After a while the guitar player showed up and we did some of the songs we usually do.

The dynamics were so interesting and different with literally “a different drummer,” yet with our drummer still playing our songs on a different instrument. I’ve played with these guys long enough now that I feel that special, extra sense of how they play and how we play together. It’s so magical and wonderful and hard to put into words, but something marvelous happens when we all get together and play.

The bass gods smiled on me abundantly when they got me lined up with these guys. I feel so at home on that stage. The time just flew by; I had no idea it was as late as it was.

And I made $24 from the musician’s tip bucket! What a generous, appreciative (yet always small) crowd!
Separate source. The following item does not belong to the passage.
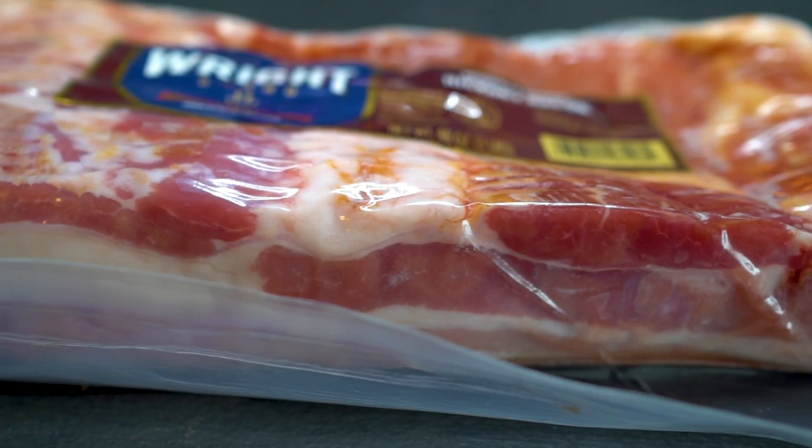In today's video we're going to test out something several of you wanted to see: what happens when you freeze-dry bacon? What does it do to it?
Slowly the word is getting out that there’s an old lady playing bass at the bar. After one gig, a young woman came up to me and said, “I was in your daughter’s class, do you remember me?” I did, after she told me her name! I explained that playing the bass was my “empty nest project.” Now I have to wonder what she’s telling her friends and her mom… “did you hear what Gwyneth’s mom is doing?”

Next gig is for a biker rally, the last A.B.A.T.E. get-together for the year, next month. The drummer promises me that the bikers will remember me for a LONG time. I’m afraid my secret is getting out!